Day 1 — This Is Me, and This Is Why I’m Here
I’ve been thinking about starting this for a long time and I’m finally doing it.
This isn’t something I have fully figured out, but I know I need to start somewhere.
I’m nervous writing this, but I also know I need to.
I’m a 29-year-old (nearly 30) wife and mama to three girls. I live in a council house, I have two bunnies, and my life probably looks fairly ordinary from the outside — but it hasn’t felt ordinary on the inside for a very long time.
I’m autistic (high-functioning) and I have ADHD. I didn’t get those answers easily or early, and a lot of my life has been shaped by being misunderstood — by others and by myself. I can’t spell for shit and punctuation isn’t my strong point, so I’ll be using tools to help me write. I’m saying that upfront because this blog isn’t about perfection — it’s about honesty.
This is my story. All of it.
I’m ripping the band-aid off.
Growing up and losing myself early
From the age of 13, I was put on antidepressants and hormonal contraception to control my periods.
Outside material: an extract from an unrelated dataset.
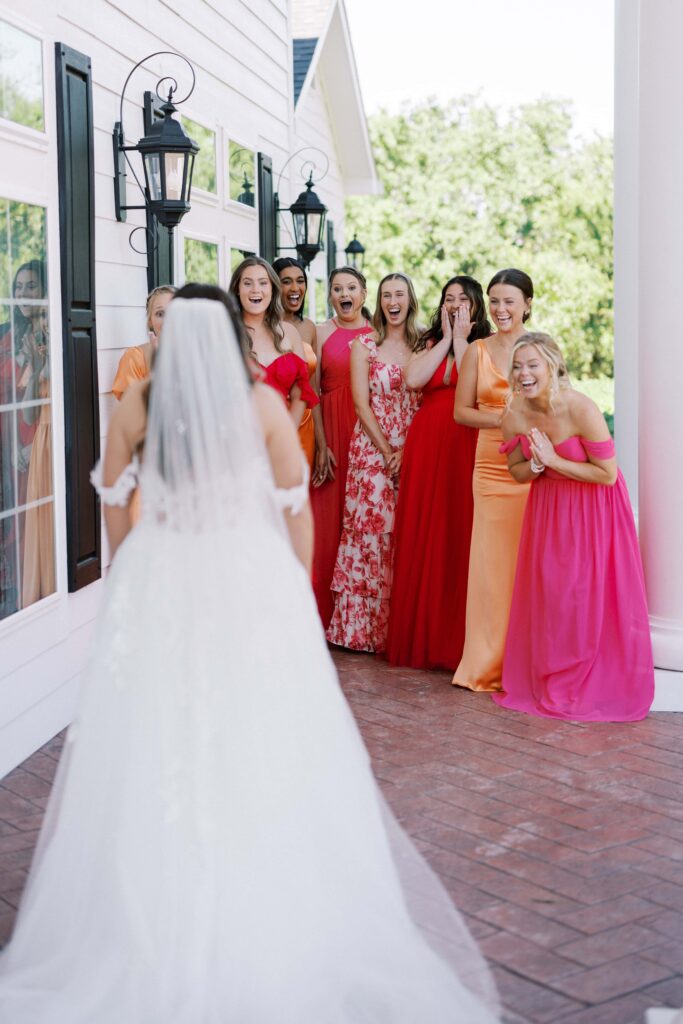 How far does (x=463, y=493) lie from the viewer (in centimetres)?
612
Those hormones changed my brain in ways I didn’t understand at the time. Alongside trauma in my life, I developed severe anxiety and depression and eventually became housebound.
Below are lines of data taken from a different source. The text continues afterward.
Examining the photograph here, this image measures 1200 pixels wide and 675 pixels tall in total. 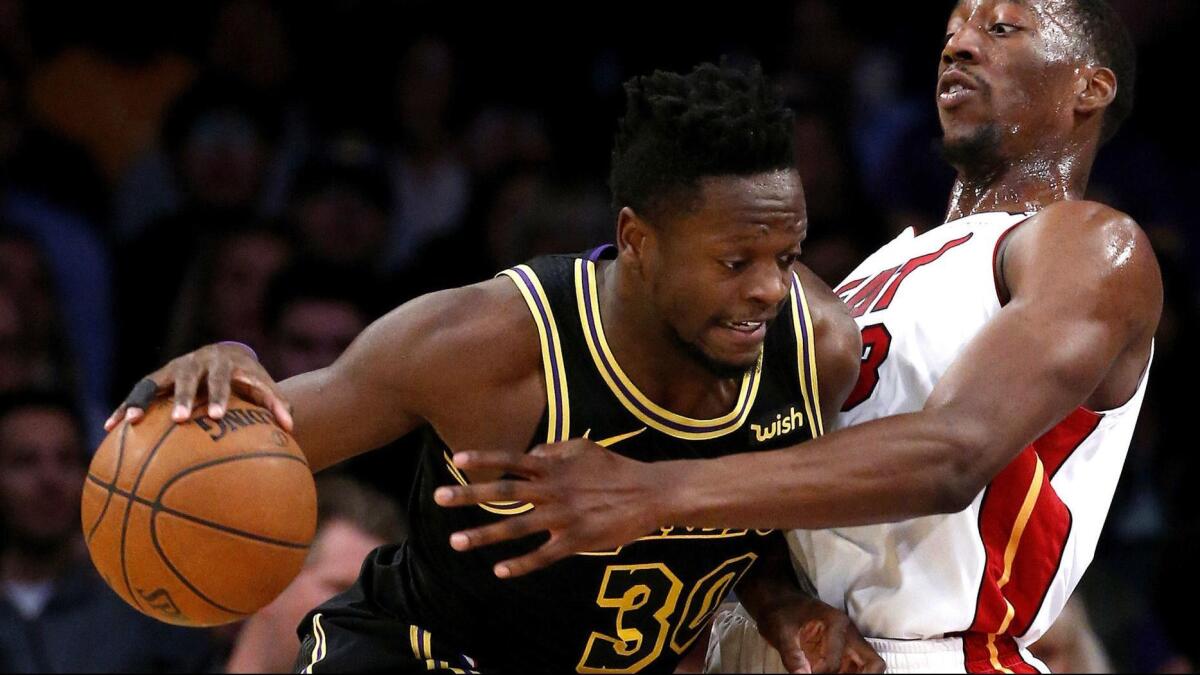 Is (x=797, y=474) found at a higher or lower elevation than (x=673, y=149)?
lower

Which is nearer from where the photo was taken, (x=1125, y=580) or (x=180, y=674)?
(x=180, y=674)

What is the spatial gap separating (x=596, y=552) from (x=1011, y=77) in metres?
1.59

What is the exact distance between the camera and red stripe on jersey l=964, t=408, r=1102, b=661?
11.4ft

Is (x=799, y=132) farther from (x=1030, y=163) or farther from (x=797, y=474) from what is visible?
(x=797, y=474)

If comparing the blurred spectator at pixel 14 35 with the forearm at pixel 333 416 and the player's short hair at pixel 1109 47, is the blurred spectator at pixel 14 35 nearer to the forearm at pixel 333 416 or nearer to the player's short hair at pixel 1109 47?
the forearm at pixel 333 416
A traumatic event happened while I was in school, and as I was going into Year 10 my mum took me out of education because I simply couldn’t cope anymore. My world became very small, very quickly.
At 17, I became pregnant to my boyfriend. We had already been together four years and we’re still together now — before anyone makes assumptions, I wasn’t “one of those girls.” I had left my contraceptive implant in a year longer than it should have been, and I believe that’s how I fell pregnant. The hormonal crash from having it removed messed with my head badly.
Motherhood saved me… at first
My first daughter was born in 2014. Motherhood saved me. I wasn’t housebound anymore. I became independent again. My partner worked and I stayed at home — the plan was until she was three.
I had a non-hormonal coil fitted and still somehow fell pregnant again. My second daughter was born in 2016, and six days after she was born she went blue in my arms mid-feed. Completely random. Completely traumatic. The worst thing I had ever seen in my life.
She later suffered with severe acid reflux and asthma, which brought its own fears and sleepless nights. Watching your child struggle to breathe is something that stays with you forever. Thankfully, she is still here to this day — growing, loved, and strong — but that experience left a deep mark on me.
That broke something in me.
I was put back on antidepressants and stayed on them for years.
Things looked okay… then everything fell apart
We moved from a maisonette into a house — with a pantry (still one of my favourite things). I started to feel okay again. Stable. Grounded.
Then I got pregnant a third time — on the coil.
I developed gestational diabetes. I gained a lot of weight. I’ve struggled with body dysmorphia my whole life, so this was incredibly hard. I went from 7st 13lb with my first, to 10st with my second, to 12st with my third — and I’m only 4ft 11. I felt like a little potato. I didn’t feel attractive. My hair was falling out. I didn’t recognise myself.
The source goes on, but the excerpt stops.